The following video shows the type of interaction that our model allows. Note that speech-to-text conversion is not part of the system and is done in a separate step by using Google Cloud APIs.
We evaluate our approach in a simulated robot task involving a table-top setup. In this task, a seven DoF robot manipulator has to be taught by an expert how to perform a combination of picking and pouring behaviors. After training, the model is able to actuate a robot based on a new environment and a new verbal task description. The following videos show our trained model controlling a robot arm conducting the picking and pouring tasks.
Figure 1a: "Lift the container up"
Figure 1b: "Fill a little into the large blonde bowl"
Figure 1a shows that the robot was able to reproduce trained behavior that was demonstrated by the human operator. This behavior goes beyond just reaching the correct target, and it also shows that the robot learned the motion needed to approach the object correctly. During the demonstrations, the robot was taught to approach a point in front of the object before transitioning to a linear part of the motion in order to grasp the cup. Especially for objects close to the robot, the motion shape is essential for successful grasps. Figures 1b and 2b show the puring action while showing the model’s ability to dispense different quantities into the respective bowls. In Figure 1b, the robot was tasked to pour “a little” into the bowl while in Figure 2b, the robot was tasked to pour “everything” into the bowl. Similar to the demonstrated picking actions in, the shape of the demonstrated motion is essential in order to dispense the correct quantities.
Figure 2a: "Pick the stein up"
Figure 2b: "Pour everything into the rectangular cardinal bowl"

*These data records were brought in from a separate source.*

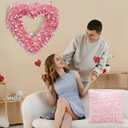 RIICFDD Beige Valentines Day Pillow Covers with 3D Plush Heart Design Reusable Pillow Cover Valentines Decorations 18 * 18 in Square Pillowcases for Wedding Anniversary Home Sofa Party Decor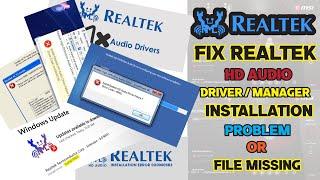 How to Fix Realtek Hd Audio Manager Install Problem । Realtek Installation Problem । #Realtek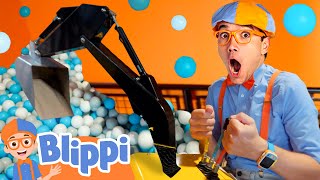 Excavator Indoor Playground Ball Pit Game with Blippi  Vehicles For Kids  Fun Educational Videos [upl. by Arni]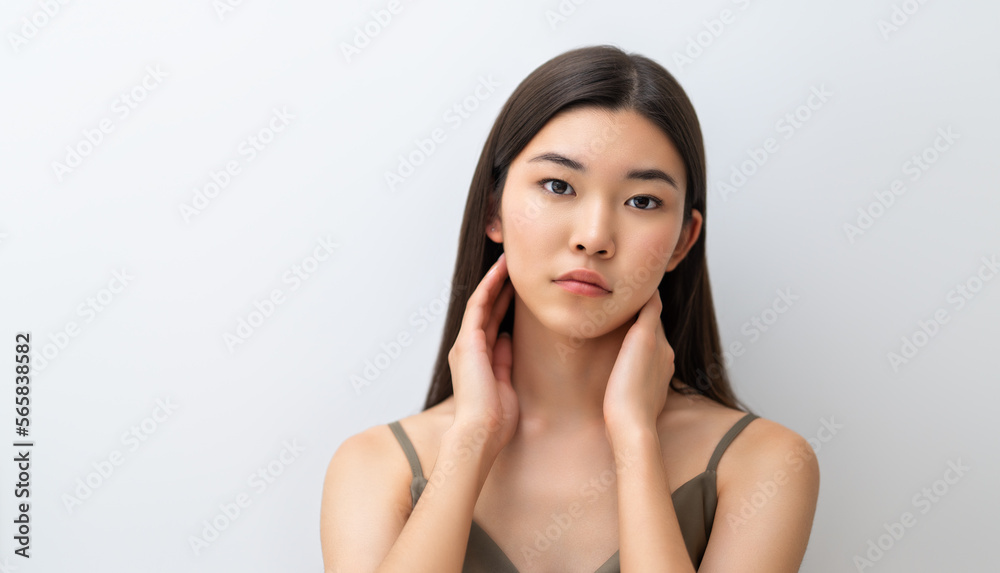 asian girl on grey background asian girl on grey background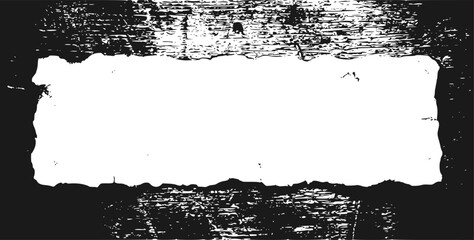 Fototapeta premium rusty horizontal frame, Black grunge border strokes line. Horizontal black frame. Vector design. Abstract grunge frame. Horizontal rectangular framework. vector template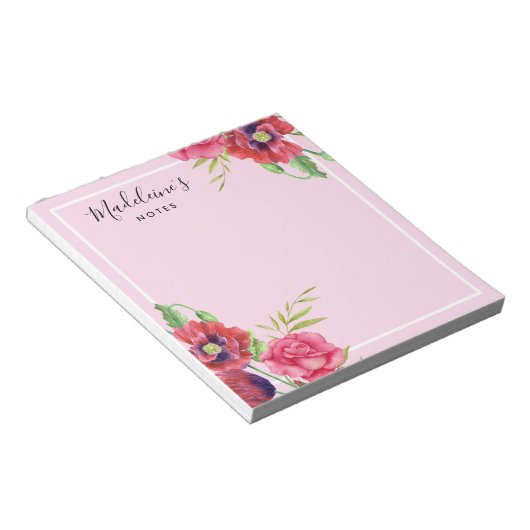 Bloc-note Chic moderne Fleurs rouges et roses Arrière - plan (Incliné)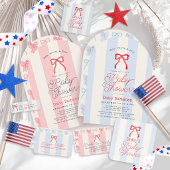 Red Bow & Pink Stripes Baby Shower スタンダードカクテルナプキン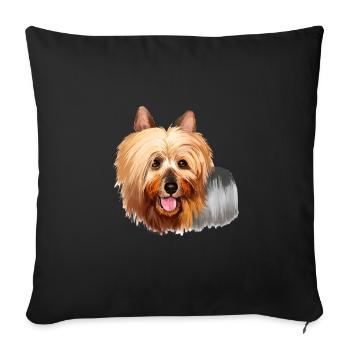 Australian Silky Terrier Dog Watercolor Illustrati - Sofa pillowcase 17,3'' x 17,3'' (45 x 45 cm) - black - Front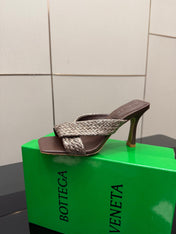 BOTTEGA VENETA 26S HEELED SANDALS 95 MM IN DARK BROWN CALFSKIN AND RAFFIA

Both experiments show the robot’s ability to generalize to new tasks provided as a top-down image $\mathbf{I}$ and verbal task description $v$. We summarize the results of testing our model on a set of 100 unseen, new environments. Our model’s overall task success describes the percentage of cases in which the cup was first lifted, and then successfully poured into the correct bowl. This sequence of steps was successfully executed in 84% of the new environments. Picking alone achieves a 98% success rate while pouring results in 85%. We argue that the drop in performance is due to increased linguistic variability when describing the pouring behavior. These results indicate that the model appropriately generalizes the trained behavior to changes in object position, verbal command, or perceptual input.